» Record set
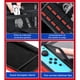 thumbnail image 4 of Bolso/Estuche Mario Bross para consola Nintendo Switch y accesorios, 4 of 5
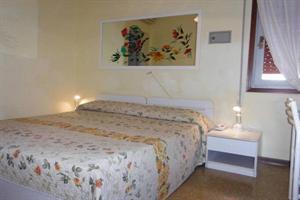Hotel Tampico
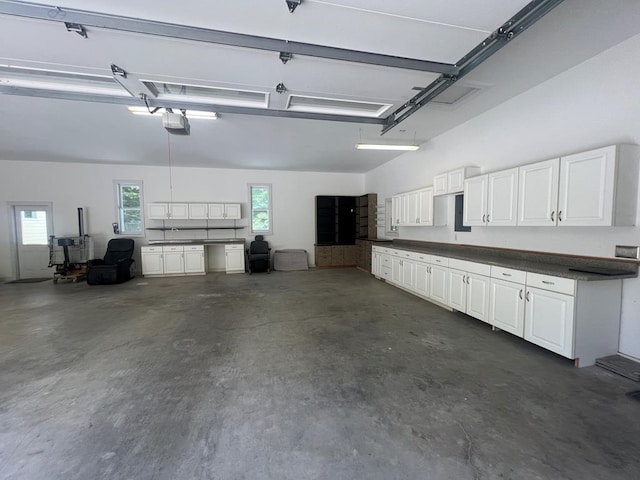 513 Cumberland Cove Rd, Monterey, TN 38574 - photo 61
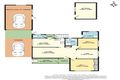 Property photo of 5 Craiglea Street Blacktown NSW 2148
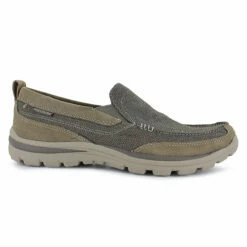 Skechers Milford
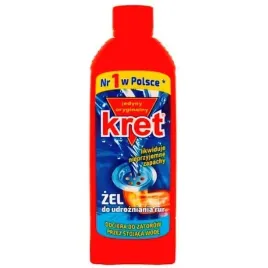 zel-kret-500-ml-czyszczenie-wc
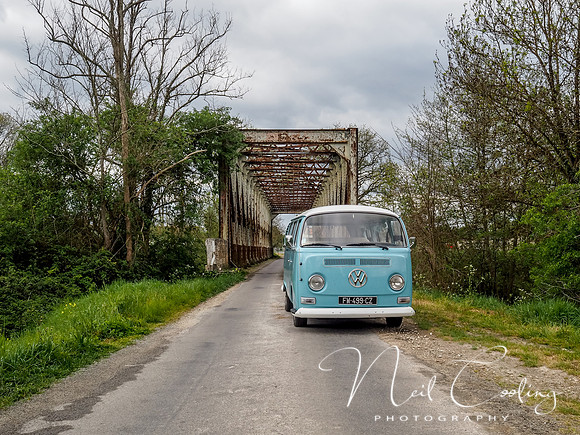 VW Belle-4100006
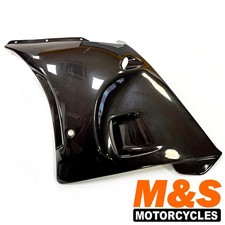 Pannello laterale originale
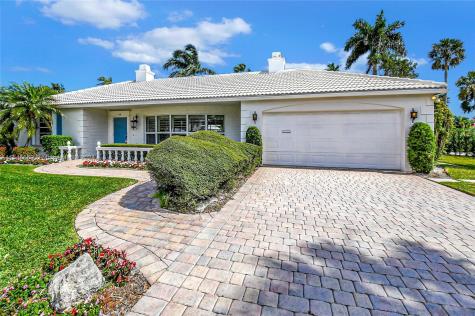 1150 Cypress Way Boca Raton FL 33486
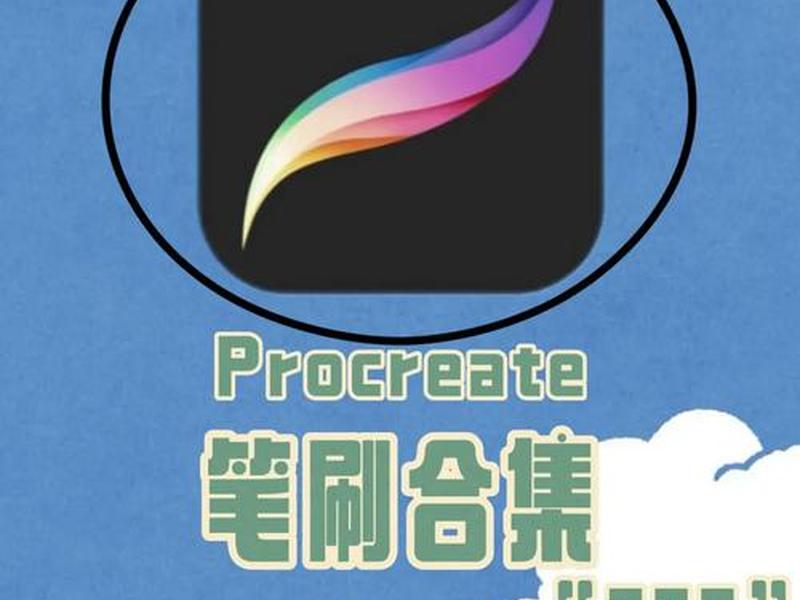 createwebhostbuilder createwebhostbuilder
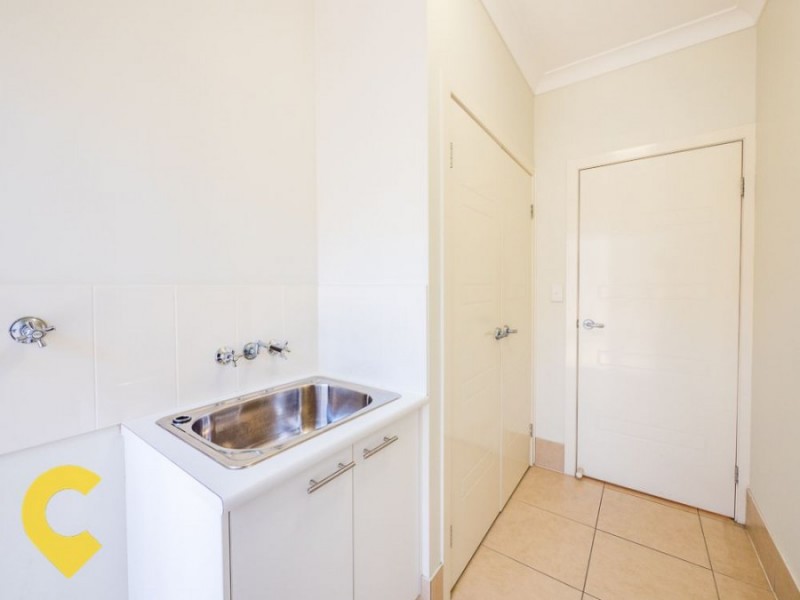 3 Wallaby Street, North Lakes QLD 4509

...

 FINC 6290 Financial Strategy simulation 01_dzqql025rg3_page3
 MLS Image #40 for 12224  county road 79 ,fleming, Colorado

» Exercise requirements
From the listing above, restate verbatim the lines running from the one with "thumbnail image 4" through the one with "1150 Cypress Way Boca Raton FL 33486", inclusive, but not the pictures.

» Answer for the task
 thumbnail image 4 of Bolso/Estuche Mario Bross para consola Nintendo Switch y accesorios, 4 of 5
Hotel Tampico
 513 Cumberland Cove Rd, Monterey, TN 38574 - photo 61
 Property photo of 5 Craiglea Street Blacktown NSW 2148
 Skechers Milford
 zel-kret-500-ml-czyszczenie-wc
 VW Belle-4100006
 Pannello laterale originale
 1150 Cypress Way Boca Raton FL 33486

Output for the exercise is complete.